Surprising Early Abstraction

Vanessa Bell, Abstract Painting, c. 1914, gouache and oil on canvas, 17 3/8 x 15
Vanessa Bell, Abstract Painting, c. 1914, gouache and oil on canvas, 17 3/8 x 15 1/8 inches (Tate. Purchase. © Estate of Vanessa Bell, courtesy Henrietta Garnett.

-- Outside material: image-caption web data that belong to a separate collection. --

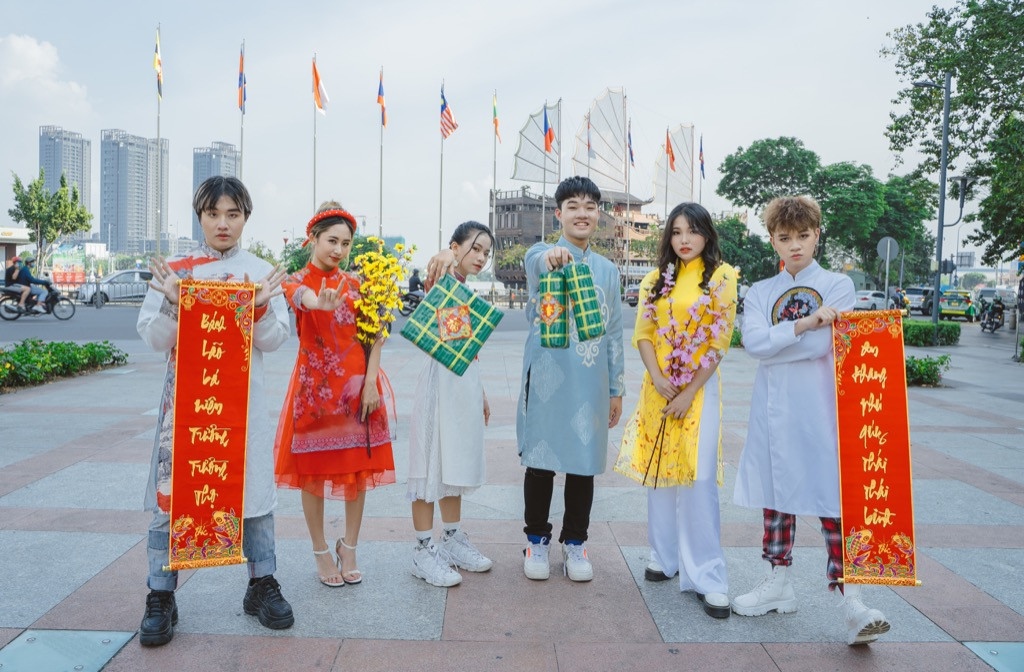 P336 Band - O2O Girl Band tiếp tục kết hợp, mang hot trend “vịt hóa thiên nga” vào MV Tết ảnh 5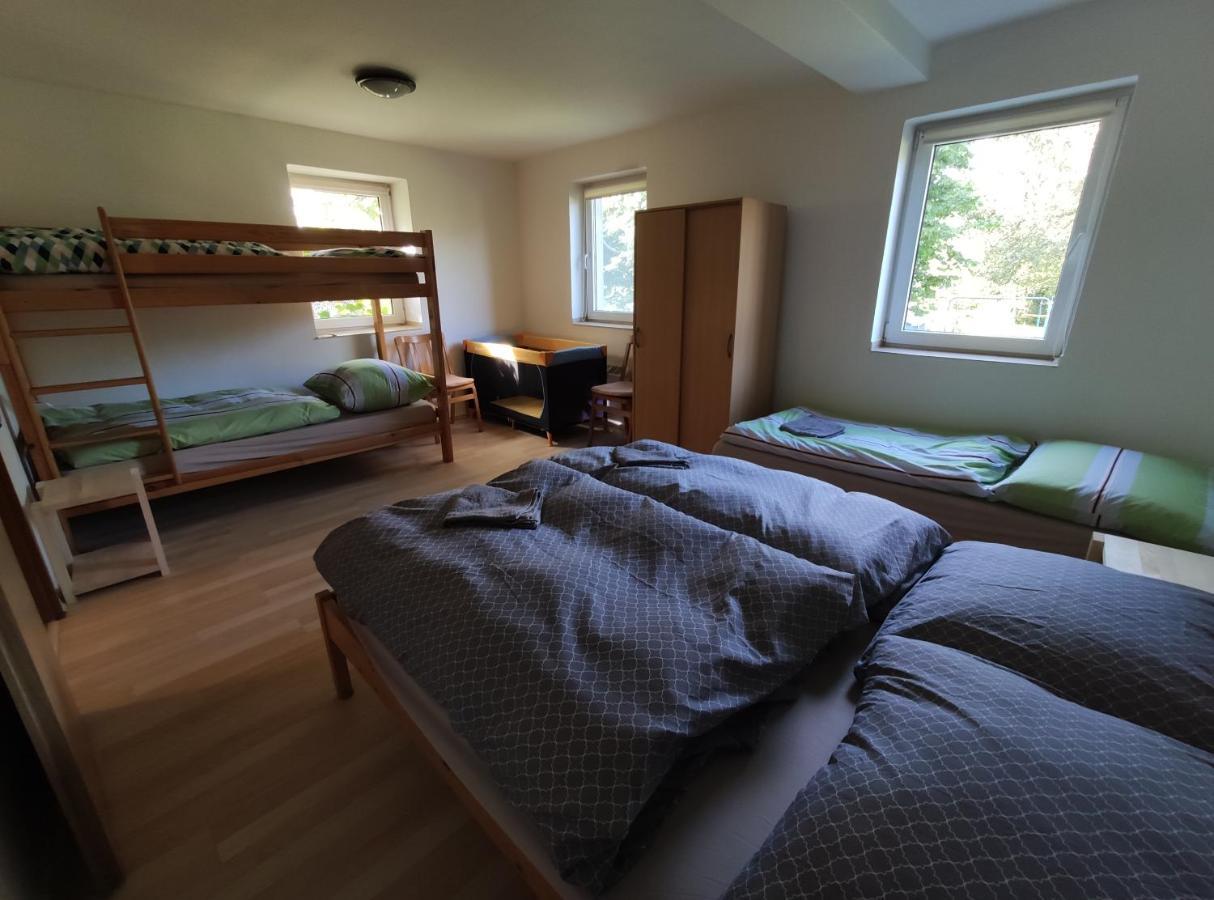 Apartman Hulin, Chrastany - Bily 外观 照片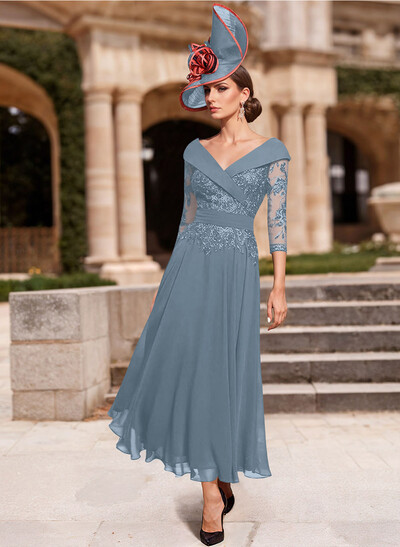 A-Line V-Neck 3/4 Sleeves Chiffon Mother Of The Bride Dresses With Lace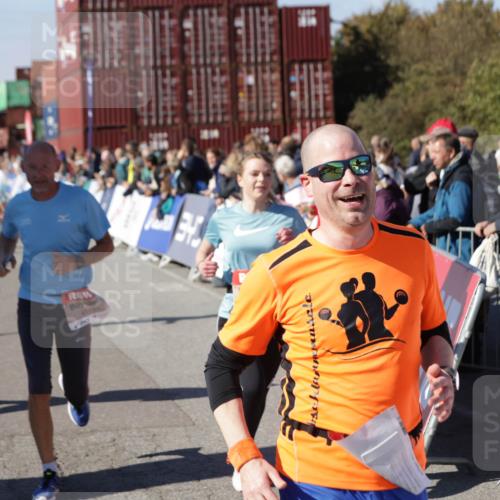 03.10.2025 - Köhlbrandbrückenlauf Jannik Wohlers http://msf.ph/oto/9122130 03.10.2025 13:05:01 Ziel 4098, 4175, 4217, 4240, 4256, 4751, 5670, 5785, 5951, 5952, 6561, 6719 meine-sportfotos.de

Courtesy: Tate, London/Art Resource, N.Y.)

Altoon Sultan blogs about some of the lesser known and most surprising early 20th century abstract paintings in the exhibition Inventing Abstraction: 1910 - 1925 at the Museum of Modern Art, New York, on view through April 15, 2013.

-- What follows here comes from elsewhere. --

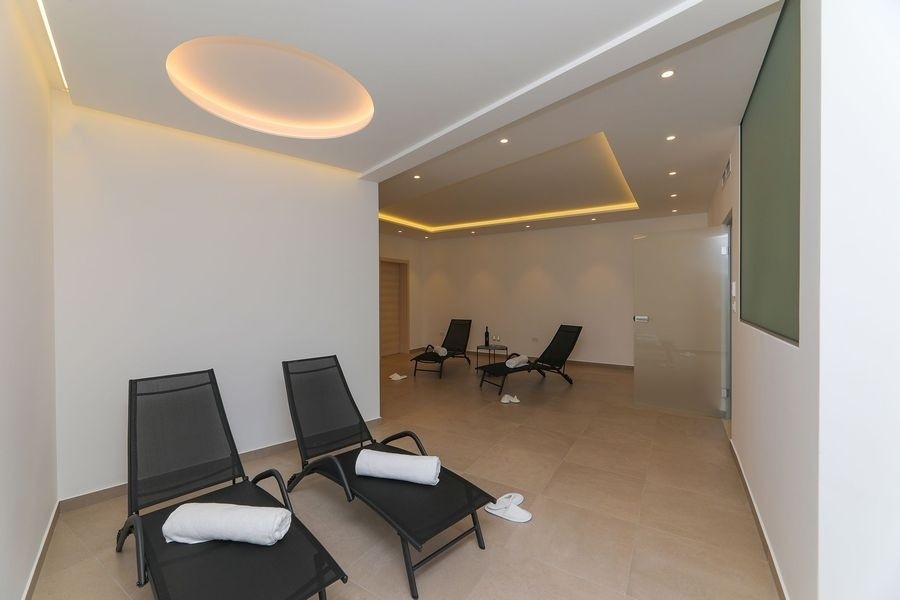 Area wellness con lettini nella villa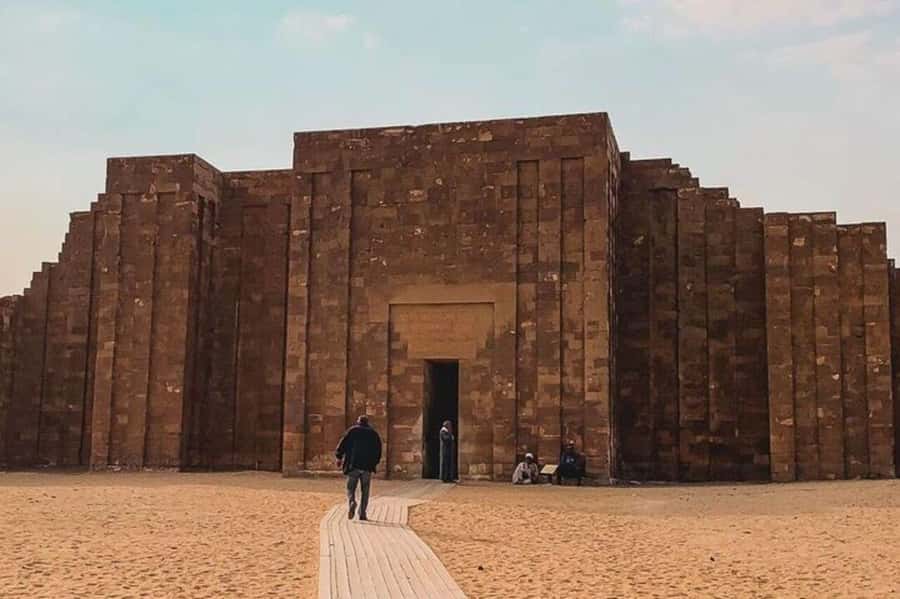 Cairo : Sakkara, Memphis ,Dahshur and Nile dinner cruise - Dahshur: inside the Red Pyramid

Sultan highlights "work that of artists I didn't know at all, or surprising works by artists I thought I knew" including Ivan Kliun, El Lissitzky, Vasily Kandinsky, Vaslav Nijinsky, Giacomo Balla, Duncan Grant, Vanessa Bell, Wyndham Lewis, Helen Saundersm Marsden Hartley, Arthur Dove, Wladyslaw Strzeminski, Waclaw Szpakowski, and Sophie Taeuber-Arp. "What was so marvelous about this show," Sultan notes, "was the sheer range of expression, the wide variety of styles coming out of the idea to leave representation behind."